Data Engineering — The Junior Problem

Joseph Thickpenny Ryan
5 min readMay 13, 2021

As the industry begins to realise that Data Science can’t exist on its own, the hype around Data Engineering grows. Wherever we see hype around an industry or job role, we see keen individuals looking to get involved (for various reasons). Whether this is good or bad isn’t for me to say, but the industry is crying out for more Data Engineers, so the demand is definitely there. This drive of individuals towards Data Engineering means that this demand will start to get filled, but employing individuals isn’t the whole story, we have the problem of upskilling them to meet the demands of the job.

I’ll be going over what I think the problems are when trying to get into Data Engineering, why we have these problems and my thoughts on the future.

Problems? What problems?

There are a combination of factors within the Data industry that make it difficult to embrace as someone just coming into technology. Here we’ll introduce what I see as some of the key difficulties:

  • An immature industry
  • An ever changing technology landscape
  • Big differences from more traditional Software Engineering routes

Data has always been important, but until fairly recently a number of industries were either content with their traditional Business Intelligence (BI) practices or were ignoring a significant amount of information that they could have been using to their advantage.

With more companies attempting to get value from their data, either as a new use case or as an extension of their BI capabilities, there are plenty of employers now just finding their feet. This creates an immature industry, with a small number of experts available to guide companies to their goals and a lack of senior people available to train people entering Data Engineering. It’s important to realise that because any industry could stand to benefit from better data practices, every business could feasibly hire data professionals. The shortage is real.

Waiting just around the corner to compound that problem is the technology landscape itself. As a rapidly evolving industry there are technologies that lost relevance almost as quickly as they gained hype, and plenty of newcomers promising the world to fawning onlookers. This means the search engines have a healthy amount of recent but largely irrelevant guides, either because the technologies have gone out of fashion (sorry, Hadoop) or because they’re locked behind adoption paywalls (hi, Snowflake).

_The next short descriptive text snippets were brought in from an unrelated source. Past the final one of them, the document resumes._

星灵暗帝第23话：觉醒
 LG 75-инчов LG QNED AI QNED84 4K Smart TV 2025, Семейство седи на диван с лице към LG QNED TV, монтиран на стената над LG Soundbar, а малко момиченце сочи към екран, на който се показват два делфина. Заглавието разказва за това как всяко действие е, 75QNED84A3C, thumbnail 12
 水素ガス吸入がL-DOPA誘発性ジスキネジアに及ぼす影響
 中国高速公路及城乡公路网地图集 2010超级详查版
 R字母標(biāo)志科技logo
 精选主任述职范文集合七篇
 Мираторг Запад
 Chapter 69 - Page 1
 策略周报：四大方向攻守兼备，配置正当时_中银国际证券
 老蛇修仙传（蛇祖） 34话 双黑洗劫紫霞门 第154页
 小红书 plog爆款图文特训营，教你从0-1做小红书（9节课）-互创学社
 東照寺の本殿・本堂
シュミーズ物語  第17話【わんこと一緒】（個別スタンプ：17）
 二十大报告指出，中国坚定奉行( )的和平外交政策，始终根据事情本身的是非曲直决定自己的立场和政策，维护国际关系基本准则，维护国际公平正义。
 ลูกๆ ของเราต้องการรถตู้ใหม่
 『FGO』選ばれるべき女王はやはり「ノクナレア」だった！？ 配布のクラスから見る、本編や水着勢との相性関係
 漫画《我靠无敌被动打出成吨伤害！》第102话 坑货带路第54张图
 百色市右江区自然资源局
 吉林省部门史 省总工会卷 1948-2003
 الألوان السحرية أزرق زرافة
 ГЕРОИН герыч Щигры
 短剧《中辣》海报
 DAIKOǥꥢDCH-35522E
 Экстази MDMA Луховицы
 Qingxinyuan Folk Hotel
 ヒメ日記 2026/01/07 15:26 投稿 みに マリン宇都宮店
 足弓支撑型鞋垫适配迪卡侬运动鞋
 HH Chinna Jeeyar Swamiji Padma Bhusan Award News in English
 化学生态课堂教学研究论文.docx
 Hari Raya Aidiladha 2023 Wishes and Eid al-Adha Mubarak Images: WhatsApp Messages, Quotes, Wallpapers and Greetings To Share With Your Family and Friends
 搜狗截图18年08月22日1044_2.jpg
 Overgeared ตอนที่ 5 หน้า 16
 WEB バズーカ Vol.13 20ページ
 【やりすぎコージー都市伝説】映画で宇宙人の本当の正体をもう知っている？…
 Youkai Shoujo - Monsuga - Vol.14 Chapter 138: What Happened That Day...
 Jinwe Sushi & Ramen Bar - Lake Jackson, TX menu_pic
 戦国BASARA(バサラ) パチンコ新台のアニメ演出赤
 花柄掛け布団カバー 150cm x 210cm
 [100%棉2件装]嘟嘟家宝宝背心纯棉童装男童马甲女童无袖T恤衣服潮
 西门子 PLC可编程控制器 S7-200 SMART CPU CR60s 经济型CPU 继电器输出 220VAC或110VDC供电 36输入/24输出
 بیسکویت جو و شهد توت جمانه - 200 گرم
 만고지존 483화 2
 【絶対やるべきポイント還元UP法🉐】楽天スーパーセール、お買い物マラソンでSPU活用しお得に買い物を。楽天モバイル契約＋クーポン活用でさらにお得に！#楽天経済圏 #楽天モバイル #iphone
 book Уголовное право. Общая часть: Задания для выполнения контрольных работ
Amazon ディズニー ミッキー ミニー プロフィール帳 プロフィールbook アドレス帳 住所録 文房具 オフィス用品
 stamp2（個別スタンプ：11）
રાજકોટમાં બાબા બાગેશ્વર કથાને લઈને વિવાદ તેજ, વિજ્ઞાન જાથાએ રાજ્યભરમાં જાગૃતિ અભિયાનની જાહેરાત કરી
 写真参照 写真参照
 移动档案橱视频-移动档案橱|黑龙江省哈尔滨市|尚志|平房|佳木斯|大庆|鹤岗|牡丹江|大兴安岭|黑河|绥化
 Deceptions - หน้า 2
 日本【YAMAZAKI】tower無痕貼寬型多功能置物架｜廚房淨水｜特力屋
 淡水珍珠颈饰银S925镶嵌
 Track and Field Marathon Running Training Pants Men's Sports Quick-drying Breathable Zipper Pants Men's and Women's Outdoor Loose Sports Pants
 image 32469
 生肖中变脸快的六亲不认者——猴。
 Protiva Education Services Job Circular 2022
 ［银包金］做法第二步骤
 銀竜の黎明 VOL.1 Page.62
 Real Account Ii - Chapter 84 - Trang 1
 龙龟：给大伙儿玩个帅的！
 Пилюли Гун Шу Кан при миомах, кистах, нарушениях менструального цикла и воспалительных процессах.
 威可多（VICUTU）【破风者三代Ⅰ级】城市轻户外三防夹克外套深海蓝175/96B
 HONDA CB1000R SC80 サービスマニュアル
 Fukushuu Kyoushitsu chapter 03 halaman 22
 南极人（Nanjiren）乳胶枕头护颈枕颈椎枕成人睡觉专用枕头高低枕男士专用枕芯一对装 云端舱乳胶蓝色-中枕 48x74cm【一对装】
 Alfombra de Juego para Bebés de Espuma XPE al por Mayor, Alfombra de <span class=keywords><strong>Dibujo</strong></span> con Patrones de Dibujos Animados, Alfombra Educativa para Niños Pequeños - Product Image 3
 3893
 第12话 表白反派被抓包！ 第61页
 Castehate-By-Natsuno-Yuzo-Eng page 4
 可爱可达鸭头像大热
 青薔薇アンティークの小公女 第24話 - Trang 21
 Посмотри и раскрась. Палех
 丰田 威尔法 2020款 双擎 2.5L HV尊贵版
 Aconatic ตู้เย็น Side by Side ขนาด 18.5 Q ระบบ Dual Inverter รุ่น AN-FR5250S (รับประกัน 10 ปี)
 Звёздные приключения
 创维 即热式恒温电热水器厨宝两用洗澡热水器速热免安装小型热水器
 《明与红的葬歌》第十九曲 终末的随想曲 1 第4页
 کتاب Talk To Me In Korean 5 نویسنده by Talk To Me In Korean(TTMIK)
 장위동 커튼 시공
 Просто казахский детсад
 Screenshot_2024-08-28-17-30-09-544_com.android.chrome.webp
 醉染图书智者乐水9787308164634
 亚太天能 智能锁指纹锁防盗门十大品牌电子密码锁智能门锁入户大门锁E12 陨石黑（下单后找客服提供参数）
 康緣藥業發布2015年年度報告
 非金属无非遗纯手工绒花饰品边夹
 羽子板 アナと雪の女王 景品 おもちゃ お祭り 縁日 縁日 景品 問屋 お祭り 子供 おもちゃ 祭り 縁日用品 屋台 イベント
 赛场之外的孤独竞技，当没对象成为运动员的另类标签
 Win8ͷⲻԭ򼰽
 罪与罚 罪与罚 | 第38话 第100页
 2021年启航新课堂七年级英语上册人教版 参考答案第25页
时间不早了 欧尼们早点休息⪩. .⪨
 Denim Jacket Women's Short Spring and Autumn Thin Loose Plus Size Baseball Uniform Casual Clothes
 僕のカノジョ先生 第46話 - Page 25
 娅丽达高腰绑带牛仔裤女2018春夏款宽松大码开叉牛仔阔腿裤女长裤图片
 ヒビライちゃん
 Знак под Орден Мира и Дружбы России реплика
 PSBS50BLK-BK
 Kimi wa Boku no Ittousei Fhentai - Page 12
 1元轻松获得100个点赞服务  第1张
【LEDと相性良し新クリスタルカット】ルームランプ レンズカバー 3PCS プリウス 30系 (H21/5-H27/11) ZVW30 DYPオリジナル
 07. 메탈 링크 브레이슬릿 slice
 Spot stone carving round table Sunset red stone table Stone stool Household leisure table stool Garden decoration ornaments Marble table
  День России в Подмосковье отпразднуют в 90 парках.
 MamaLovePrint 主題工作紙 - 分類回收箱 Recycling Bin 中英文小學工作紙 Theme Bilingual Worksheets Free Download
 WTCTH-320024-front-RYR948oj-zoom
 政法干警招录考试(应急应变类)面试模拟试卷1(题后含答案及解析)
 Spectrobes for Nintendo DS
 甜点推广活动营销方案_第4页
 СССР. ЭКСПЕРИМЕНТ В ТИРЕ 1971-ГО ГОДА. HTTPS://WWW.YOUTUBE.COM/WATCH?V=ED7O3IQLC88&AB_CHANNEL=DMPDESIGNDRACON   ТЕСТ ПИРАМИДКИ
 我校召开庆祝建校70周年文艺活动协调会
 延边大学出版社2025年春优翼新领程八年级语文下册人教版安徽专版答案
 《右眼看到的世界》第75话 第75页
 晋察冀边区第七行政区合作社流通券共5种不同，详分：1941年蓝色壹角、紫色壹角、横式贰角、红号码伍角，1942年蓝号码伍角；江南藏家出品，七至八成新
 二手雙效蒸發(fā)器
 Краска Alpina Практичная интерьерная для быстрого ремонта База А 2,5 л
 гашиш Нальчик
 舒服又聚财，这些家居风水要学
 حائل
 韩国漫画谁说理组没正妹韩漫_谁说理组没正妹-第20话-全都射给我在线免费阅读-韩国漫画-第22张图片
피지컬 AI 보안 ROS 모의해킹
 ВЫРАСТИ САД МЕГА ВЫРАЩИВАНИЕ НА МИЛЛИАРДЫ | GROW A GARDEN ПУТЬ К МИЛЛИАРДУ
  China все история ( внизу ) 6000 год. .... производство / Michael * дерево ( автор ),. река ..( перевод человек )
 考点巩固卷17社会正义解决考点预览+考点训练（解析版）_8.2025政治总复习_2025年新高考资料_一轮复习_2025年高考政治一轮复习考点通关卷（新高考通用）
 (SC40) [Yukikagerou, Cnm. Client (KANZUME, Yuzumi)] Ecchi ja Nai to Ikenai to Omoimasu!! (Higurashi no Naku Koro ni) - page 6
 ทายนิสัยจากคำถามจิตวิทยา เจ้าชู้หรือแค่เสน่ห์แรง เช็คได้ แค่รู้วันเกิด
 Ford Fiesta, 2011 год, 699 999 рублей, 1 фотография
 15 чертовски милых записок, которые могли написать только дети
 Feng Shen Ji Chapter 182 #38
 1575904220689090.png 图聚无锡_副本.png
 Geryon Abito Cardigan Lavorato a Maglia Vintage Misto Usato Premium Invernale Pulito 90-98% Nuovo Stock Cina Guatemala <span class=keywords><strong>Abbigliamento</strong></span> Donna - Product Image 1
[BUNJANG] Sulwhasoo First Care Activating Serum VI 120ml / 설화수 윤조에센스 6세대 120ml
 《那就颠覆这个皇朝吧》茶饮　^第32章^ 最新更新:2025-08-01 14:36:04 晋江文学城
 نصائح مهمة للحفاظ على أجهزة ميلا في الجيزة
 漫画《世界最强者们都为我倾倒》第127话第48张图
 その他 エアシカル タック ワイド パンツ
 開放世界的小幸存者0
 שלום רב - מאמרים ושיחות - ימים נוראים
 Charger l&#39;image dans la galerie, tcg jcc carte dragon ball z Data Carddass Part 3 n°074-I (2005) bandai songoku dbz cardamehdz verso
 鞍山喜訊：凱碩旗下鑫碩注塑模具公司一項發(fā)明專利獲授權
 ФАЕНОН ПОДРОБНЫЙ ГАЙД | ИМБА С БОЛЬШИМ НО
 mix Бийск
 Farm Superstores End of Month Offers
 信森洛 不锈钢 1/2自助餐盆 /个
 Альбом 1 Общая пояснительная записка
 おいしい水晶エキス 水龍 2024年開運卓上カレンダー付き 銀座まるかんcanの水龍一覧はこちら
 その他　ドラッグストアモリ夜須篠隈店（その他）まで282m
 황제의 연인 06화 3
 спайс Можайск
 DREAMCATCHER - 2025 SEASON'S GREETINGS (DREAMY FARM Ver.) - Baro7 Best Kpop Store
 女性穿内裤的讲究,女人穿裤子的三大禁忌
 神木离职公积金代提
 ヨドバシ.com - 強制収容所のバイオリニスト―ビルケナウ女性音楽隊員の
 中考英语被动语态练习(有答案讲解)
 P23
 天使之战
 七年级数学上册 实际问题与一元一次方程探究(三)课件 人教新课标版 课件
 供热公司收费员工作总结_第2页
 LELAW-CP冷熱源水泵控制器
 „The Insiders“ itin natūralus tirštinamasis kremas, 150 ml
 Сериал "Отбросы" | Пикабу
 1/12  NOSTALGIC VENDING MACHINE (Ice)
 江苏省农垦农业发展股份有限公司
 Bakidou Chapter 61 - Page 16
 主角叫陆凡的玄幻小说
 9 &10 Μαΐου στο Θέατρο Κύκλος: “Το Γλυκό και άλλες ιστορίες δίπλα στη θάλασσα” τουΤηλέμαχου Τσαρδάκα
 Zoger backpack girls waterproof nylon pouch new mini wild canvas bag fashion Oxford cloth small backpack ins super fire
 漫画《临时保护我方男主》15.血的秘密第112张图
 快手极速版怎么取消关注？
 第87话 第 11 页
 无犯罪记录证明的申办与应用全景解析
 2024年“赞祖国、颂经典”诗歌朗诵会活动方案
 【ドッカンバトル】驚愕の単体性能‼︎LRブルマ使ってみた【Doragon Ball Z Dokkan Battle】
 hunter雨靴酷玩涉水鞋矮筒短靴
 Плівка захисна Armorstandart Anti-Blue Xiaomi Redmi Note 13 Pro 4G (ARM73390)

The task for adopters of modern data practices, either as a company or as an individual, is therefore difficult. There is a lack of expert guidance available to hire, and a lack of trustworthy resources available to get started. This is easier to overcome as a company because you have the option of throwing money at the problem, but it’s significantly more difficult for individuals trying to find their way in the industry.

All of the factors I’ve highlighted are intertwined, but I think the first two are a good introduction for the final point. If we use the “full stack developer” as our image of a traditional Software Engineering route then this becomes quite apparent. If you enter this route as a junior you will likely land in a very strictly defined role, where a large number of the technology decisions were made a long time ago (“we’re an X shop”). This gives you a very clearly defined route that doesn’t force you to make very many base technology decisions as well as presenting you with senior team members who will help you develop. If a company does this properly it’s the perfect environment for people to learn their trade before branching out into more technologies.

For an industry with lots of people still trying to find their way, and a technology landscape that sometimes changes overnight, the perfect learning environment hasn’t had time to settle. This makes it difficult for a route into the industry for strictly junior level individuals, because the number of opportunities is extremely limited. We have this problem to deal with before we even start on why the technologies choices are different. This is the junior problem.

The Future

This is a problem that businesses can’t afford to ignore if they want to foster a data driven culture internally, so they have to do something about it. It’s easier said than done, but we can learn from the traditional software engineering route and tweak it to fit our own needs. This still suffers from the lack of available experts, but we can’t avoid that as a starting point.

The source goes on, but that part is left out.